The national Cyclesheme gives us some answers to the above question. This year-round initiative helps employees buy bikes and cycling kit at a reduced price, with no upfront cost and payments taken over time from their salary, providing the employer is on board.
Perhaps the most important thing to understand is that certain schemes do not necessarily mean bicycles – which are strictly defined as two-wheel, pedal-powered vehicles. The scheme includes adapted cycles, or non-standard cycles, many of which are aimed at people with mobility problems and others who are unable to use a standard 2 wheeled model. Wheelchair cycles, tricycles, recumbent tricycles and go-karts are all covered under the term ‘cycle’, as set out by these initiatives. Therefore, it’s possible to take advantage of discounts if you need to buy an adapted cycle, or non-standard cycle, giving you a great start into the cycling world.

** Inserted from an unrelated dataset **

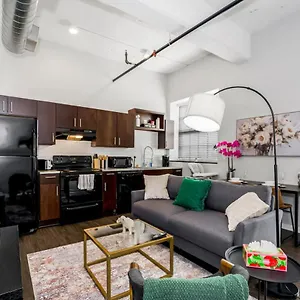 Cozy 1br Parking, Rooftop, Near Arrowhd & Tmobile Kansas City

Cycling commutes are actually becoming increasingly common among people with disabilities. Or at least, that’s the case in some corners of the country. The Guardian ran a piece back in 2018, looking at why so many people with mobility issues are using adapted cycles to get to work and university in Cambridge. More than a quarter of the world-famous student city’s disabled community were using cycles to get about town at the time the article was published. The area also claimed the highest number of overall cycling commutes – with 32% of residents preferring pedal power.
When compared with other UK cities, Cambridge is remarkably bike-friendly. This makes a huge difference and gives some idea as to what uptake might be like if other urban areas took the same steps to improve, expand and develop cycle lanes and provision. The point being, the vast majority of Britain seems to be missing a pretty big trick that could transform lives by speeding up traffic flow, reducing pollution, improving health and increasing overall accessibility.
Given that Transport for London’s research revealed that 78% of disabled people in the capital can cycle, but just 15% use a bike to travel, you really understand the obstacles are not related to ability, but safety and infrastructure. Wheels For Wellbeing’s 2017 survey of disabled cyclists in the UK backs this up confirming that 2 out of 3 people with disabilities actually find cycling easier than walking.
It’s only by maintaining and increasing pressure on local authorities and the Government that this situation will improve. And the best way we can do that is by getting involved in the pedal-powered revolution ourselves.